Martin Loughlin dalam Sword and Scales (2000) memberikan suatu gambaran atas hubungan politik dan hukum. Bahwa hukum menunjukkan dirinya sebagai seperangkat prinsip dasar yang menyediakan kerangka kerja bagi politik yang akan dijalankan. Dengan demikian, hukum mengungkapkan suatu landasan rasional dan memiliki legitimasi yang mengatur atau menetapkan prasyarat pelaksanaan politik.

Maka, apabila Pasal 240, 241, 353, dan 354 tetap dipertahankan oleh pembentuk UU, misi yang diemban RKUHP, seperti demokratisasi hukum pidana, pada akhirnya nanti akan menemukan jalan buntu di kemudian hari dan menimbulkan dampak negatif bagi ekosistem demokrasi konstitusional.
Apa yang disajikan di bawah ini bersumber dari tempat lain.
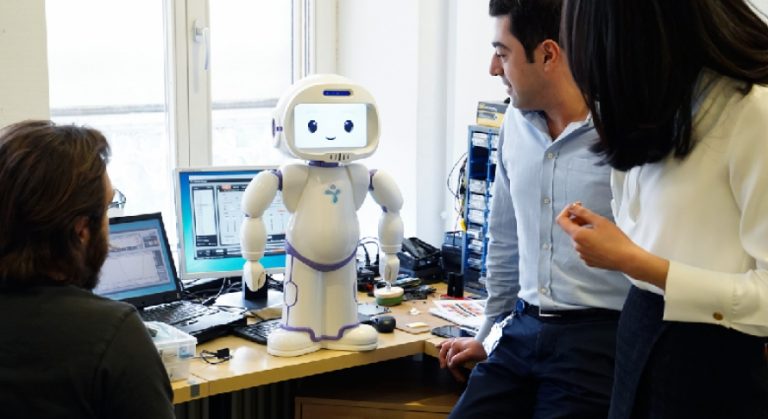 Copiii afectați de autism, ajutați de un robot umanoid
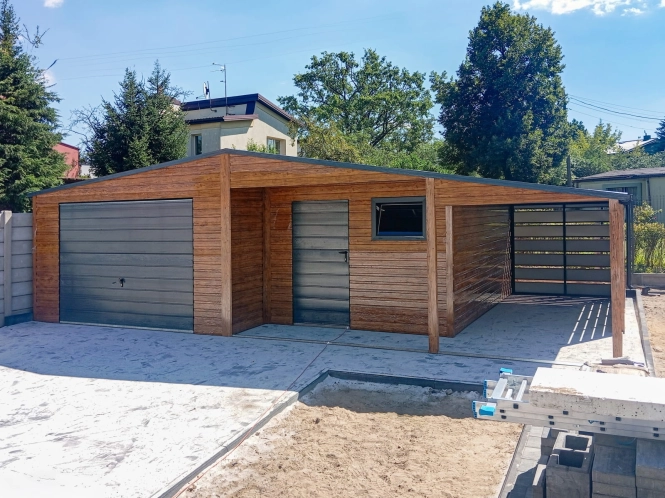 garaz-blaszany-z-wiata-pomieszcz-gosp-9x5,5m-dab-matowy-grafit-1.jpg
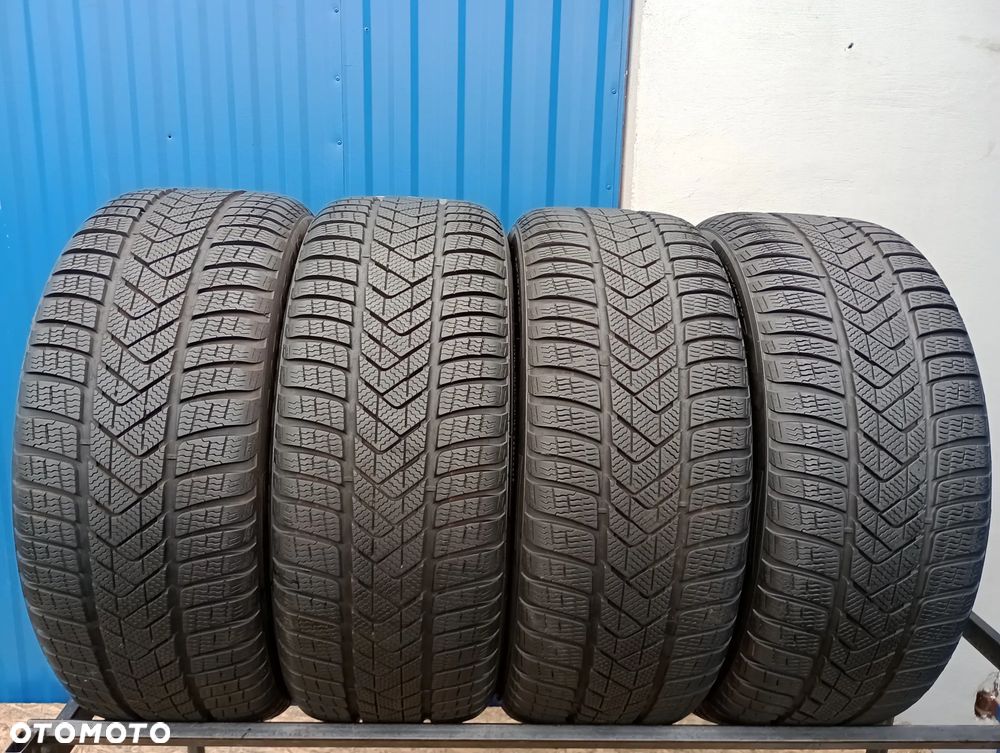 OPONY ZIMOWE 4x 245/45 R18 95V PIRELLI SOTTOZERO 3 - 1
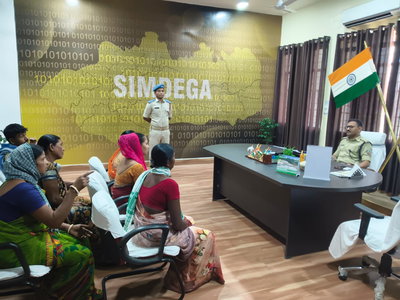 सिमडेगाः जनता दरबार में एसपी ने सुनीं लोगों की समस्याएं, दिया आश्वासन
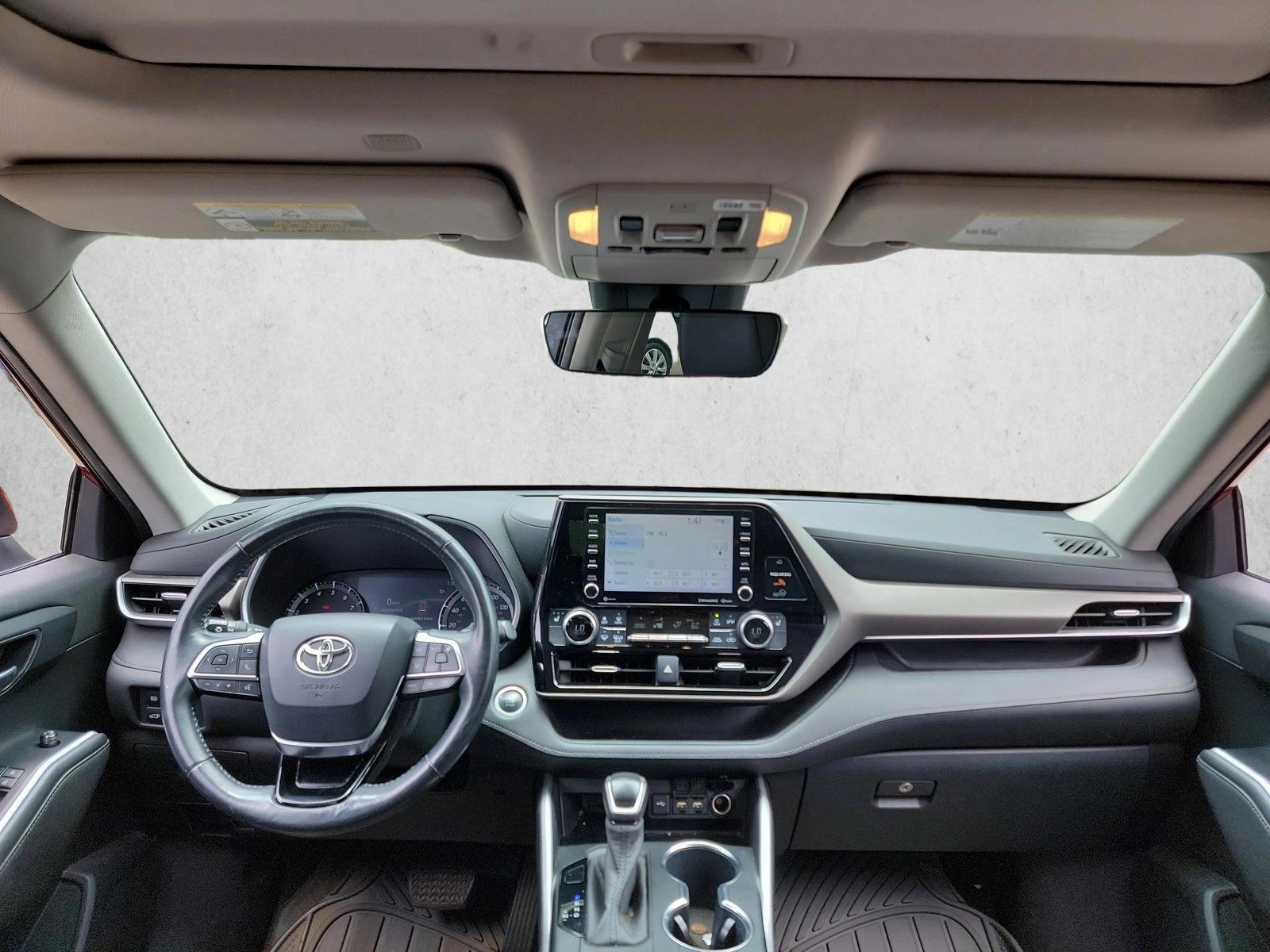 Thumbnail: 2020 Toyota Highlander - 3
Dampak tersebut berupa kondisi kemunduran dalam demokrasi konstitusional. Studi Azis Huq dan Tom Ginsburg (”How to Lose a Constitutional Democracy”, 2018) memberikan analisis kemunduran demokrasi sebagai proses pembusukan yang berjalan secara bertahap.
Dalam konteks keempat pasal RKUHP tersebut, itu akan berdampak pada penurunan kualitas pada hak berbicara atau berpendapat. Ketika kemunduran tersebut semakin dalam,hal itu akan mengurangi kinerja demokrasi serta menyusutnya ruang publik, lalu disusul dengan adanya pergeseran demokrasi liberal konstitusional ke arah demokrasi non-liberal konstitusional.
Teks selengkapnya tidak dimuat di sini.